My dad agreed to contribute to buying the horse on the condition that my coach felt she would be suitable for me. With this being done the final step was a vet check. I returned to my textbooks to prepare for my impending exams, as mum towed her off to have the vet check done, I clearly remember the thought that entered my brain ‘I hope she fails the vet check, I don’t think I want this horse’. Looking back, I can see now that this was because I was grieving for Gilbert and wanting no horse other than my Sullivan. I had not told my parents about this until fairly recently. When I did share this information, Mum was horrified and would never have bought Nonie if had she been aware.
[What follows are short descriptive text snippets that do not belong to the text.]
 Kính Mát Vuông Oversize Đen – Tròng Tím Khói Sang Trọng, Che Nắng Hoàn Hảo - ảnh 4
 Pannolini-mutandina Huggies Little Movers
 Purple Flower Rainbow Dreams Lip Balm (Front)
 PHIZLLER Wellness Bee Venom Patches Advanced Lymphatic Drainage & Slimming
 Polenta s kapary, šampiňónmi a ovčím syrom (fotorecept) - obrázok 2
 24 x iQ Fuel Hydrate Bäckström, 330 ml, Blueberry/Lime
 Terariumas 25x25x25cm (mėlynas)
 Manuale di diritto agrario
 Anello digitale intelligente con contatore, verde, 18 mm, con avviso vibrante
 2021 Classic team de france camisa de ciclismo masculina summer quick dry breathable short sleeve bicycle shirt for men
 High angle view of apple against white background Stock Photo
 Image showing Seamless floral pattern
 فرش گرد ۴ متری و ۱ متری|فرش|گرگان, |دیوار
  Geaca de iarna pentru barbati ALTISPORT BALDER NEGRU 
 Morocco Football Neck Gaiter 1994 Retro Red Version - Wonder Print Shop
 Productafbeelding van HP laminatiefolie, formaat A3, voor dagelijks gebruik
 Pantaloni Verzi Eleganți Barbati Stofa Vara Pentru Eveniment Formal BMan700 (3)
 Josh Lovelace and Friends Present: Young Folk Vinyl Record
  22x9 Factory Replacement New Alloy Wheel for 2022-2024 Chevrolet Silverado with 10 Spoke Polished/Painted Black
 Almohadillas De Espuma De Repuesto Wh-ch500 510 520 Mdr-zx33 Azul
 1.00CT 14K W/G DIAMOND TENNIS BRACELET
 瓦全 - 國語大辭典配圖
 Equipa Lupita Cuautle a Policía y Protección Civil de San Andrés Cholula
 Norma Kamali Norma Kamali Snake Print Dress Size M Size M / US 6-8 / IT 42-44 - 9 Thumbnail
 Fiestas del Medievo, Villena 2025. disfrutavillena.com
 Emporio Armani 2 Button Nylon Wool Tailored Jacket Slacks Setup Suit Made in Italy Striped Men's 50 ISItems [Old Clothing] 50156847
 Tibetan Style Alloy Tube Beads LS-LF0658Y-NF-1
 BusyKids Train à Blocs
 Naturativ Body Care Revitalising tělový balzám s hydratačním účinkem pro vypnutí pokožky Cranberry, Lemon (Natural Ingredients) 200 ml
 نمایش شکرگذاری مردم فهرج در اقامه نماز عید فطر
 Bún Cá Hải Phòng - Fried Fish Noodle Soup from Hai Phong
As it was, Nonie passed her vet check with flying colours and that was that we bought her. She stayed with my coach for about four weeks in order to teach her some of the basics. One sunny day following a patch of rain, mum asked me to take out a clean rug to put on her, she handed me a few carrots and off I went. I can pinpoint the beginning of our partnership back to this moment. After gobbling up the carrots Nonie started licking me. A seemingly simple moment, nonetheless that was when my heart opened up to the possibility of loving this horse.
One thing that stands out to me as I look back was my reluctance to make any decisions. I felt paralysed by the knowledge that any decision I made would be the wrong one. So it was rather fortunate that things worked out as they did and Nonie and I ended up together. The last almost ten years has produced a partnership that has been more rewarding than I could ever have anticipated. It has certainly had its challenges, but this has made the highlights all the more rewarding. I can’t wait to see what the next years will bring as we continue our journey down the centreline.
Since this first blog post was published Nonie and I have had many more adventures, our first medium level start, going to Nationals and moving to Brisbane. We’ve dabbled in show horse competitions are much much more.